新聞社を卒業してからずっと考えていた「オンライン断捨離」を進めています。利用状況を考えて、不必要なサービスを洗い出した結果、5つの有料契約をやめました。そのうち自分でもあらためて驚いたのが、唯一、契約していた有料の新聞電子版が対象となったことです。

仕事の必要上、契約したものの、ほとんど利用していないサービスの筆頭が電子新聞でした。利用料金がお高めだし、内容にかかわらず月額固定で料金を支払うスタイルは、オンラインではやはり無理があるような気がします。

ソーシャルメディアをうまく使っていると、必要な情報はURLつきで飛び込んできます。何かあれば検索からニュースに直接飛ぶので、新聞社のニュースサイトのトップページを訪問することはまずありません。同様に、ニュースを知りたいときに、わざわざ電子新聞を開く習慣は今後ともつきそうにありません。
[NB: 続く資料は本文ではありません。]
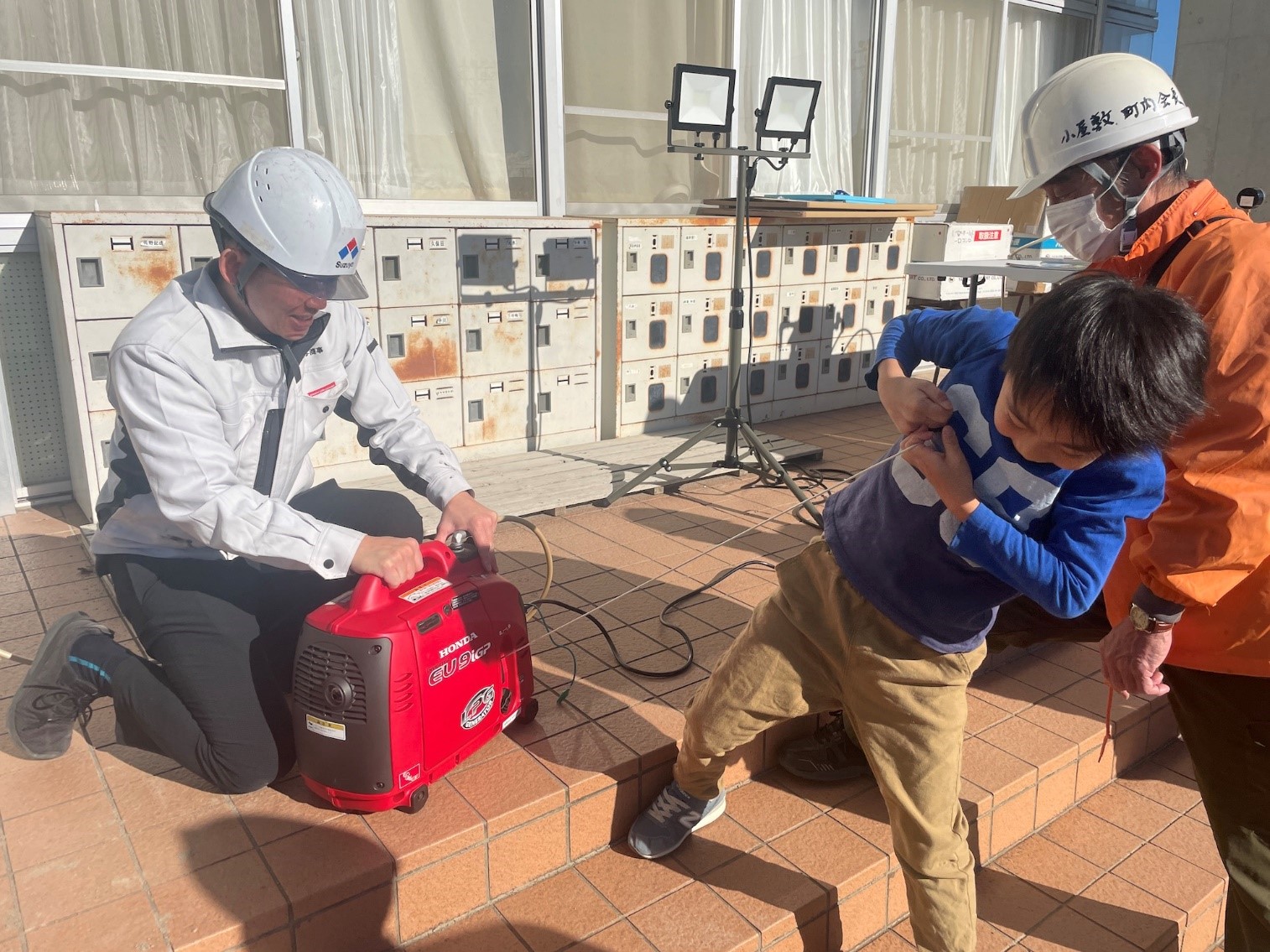 何度も挑戦する子どもに、周りの大人たちも応援！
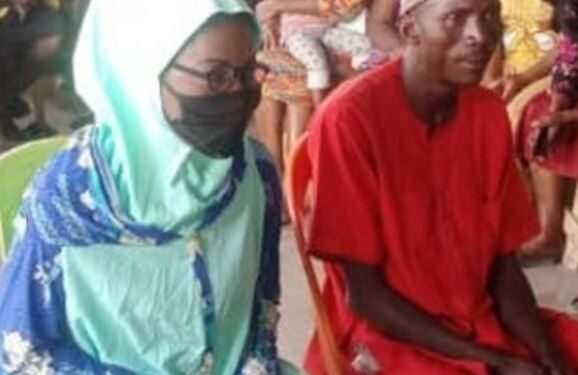 PHOTOS: Two Repentant Nigerian Workers Tie The Knot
断捨離対象になった電子新聞は、コンテンツの更新状況をその都度、メールで連絡してくれます。丁寧なサービスだとは思いますが、オンラインでは、メールが届いたタイミングがいつも本番です。メールで見出しを見て、内容は電子新聞を利用するというモデル自体に無理があります。加えて、メールで「お知らせ」が届くのは新聞社に限りません。自分のソーシャル関係方面を最有力として、ニュースお知らせ系だけでも、数が非常に多くなっています。

仕事や個人的な重要メールを読み落とすわけにはいかないので、よほど関心がなければ、ニュースお知らせ系の多くは見出しを読み流すだけになりがちです。誰しも覚えがあるのではないでしょうか。この新聞社には、連載を個別にオンラインで入手できるサービスも別にあることもあって、大変残念ながら断捨離対象になった次第です。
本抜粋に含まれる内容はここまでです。